By Carol Van Why
Do you remember about 10 years ago when everyone was reading The Girl With the Dragon Tattoo by Swedish author Stieg Larsson? Larsson died unexpectedly in 2004 leaving crime fiction readers everywhere wanting more. By the end of 2012 his trilogy, beginning with The Girl With the Dragon Tattoo, had been translated into 50 languages and had sold 73 million copies worldwide.
It would be misleading to imply that Larsson was the first Scandinavian crime fiction writer to catch the attention international audiences. An English translation of a work by the writing team of Maj Sjöwall and Per Wahlöö appeared in 1968. English editions of Peter Høeg’s award-winning Smilla’s Sense of Snow and Henning Mankell’s popular Wallender series followed in the 1990s.

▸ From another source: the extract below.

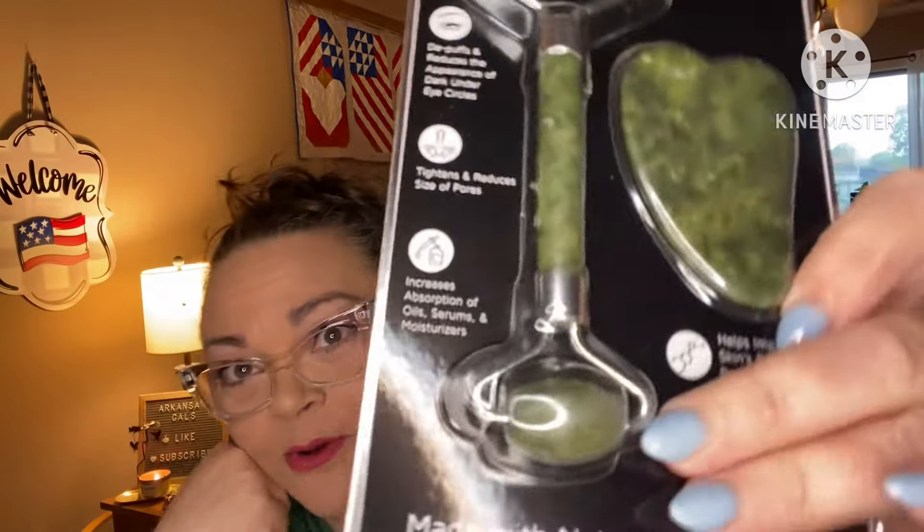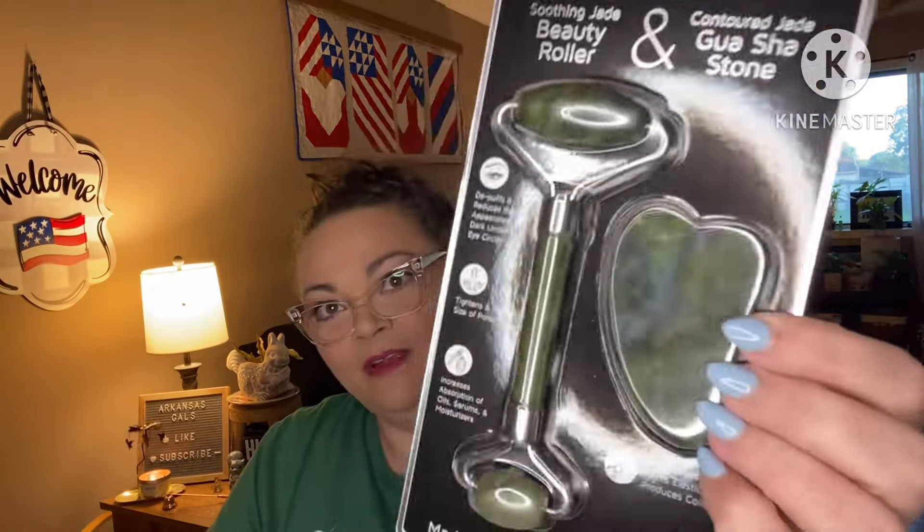This is my last thing. Oh, there's always like a little puzzle sheet in here for kids as well. This is July's box. Okay, we have some beauty tools — we have a jade roller and a scraper thing. I never use these but they're cool; I'll pass, I'll put these in my giveaway bucket. Soothing jade beauty roller and contoured jade gua sha stone — deep puffs and reduces appearance of dark circles, tightens and reduces pores, increases absorption of oils, serums, and moisturizers, helps improve skin elasticity and improves collagen. So we got that set.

But it wasn’t until Larsson’s works took the world by storm that the phrase Scandinavian Noir emerged as a name for this crime fiction genre. What’s more it should not be surprising that after his success, publishers scoured Scandinavia in search of books to translate for insatiable and growing audiences.
Those who follow this topic seriously report that at least 100 crime fiction authors from all over Scandinavia have been published in English. And since several Icelandic authors’ works have now been translated the genre is more inclusively termed "Nordic Noir. " It’s become such a phenomenon that Gustavus Adolphus College held a three-day conference on the topic in 2012 and the Swedish Institute shop offers a huge selection of crime fiction for sale.
For me good stories, believable sleuths and glimpses of Nordic culture, society and landscapes are the appeal. Insights into contemporary issues such as immigration and economic and social inequalities are often woven into the narratives. Descriptions of seasons, weather and geography are simultaneously familiar and yet very different for a Minnesota reader.
Coffman Library’s collection contains the works of over a dozen "Nordic Noir" authors, including those already mentioned. Other titles in the collection are by: Sara Blaedel, Arnaldur Indridason, Camilla Lackberg, Liza Marklund, Jo Nesbo, Kristina Ohlsson, Leif Persson, and Yrsa Siguaradottir. Look for them all in the Mystery/Spy/Adventure section on the library’s upper level. If you exhaust our library’s offerings both the Ramsey County Library and the St Paul Public Library systems have good collections of "Nordic Noir."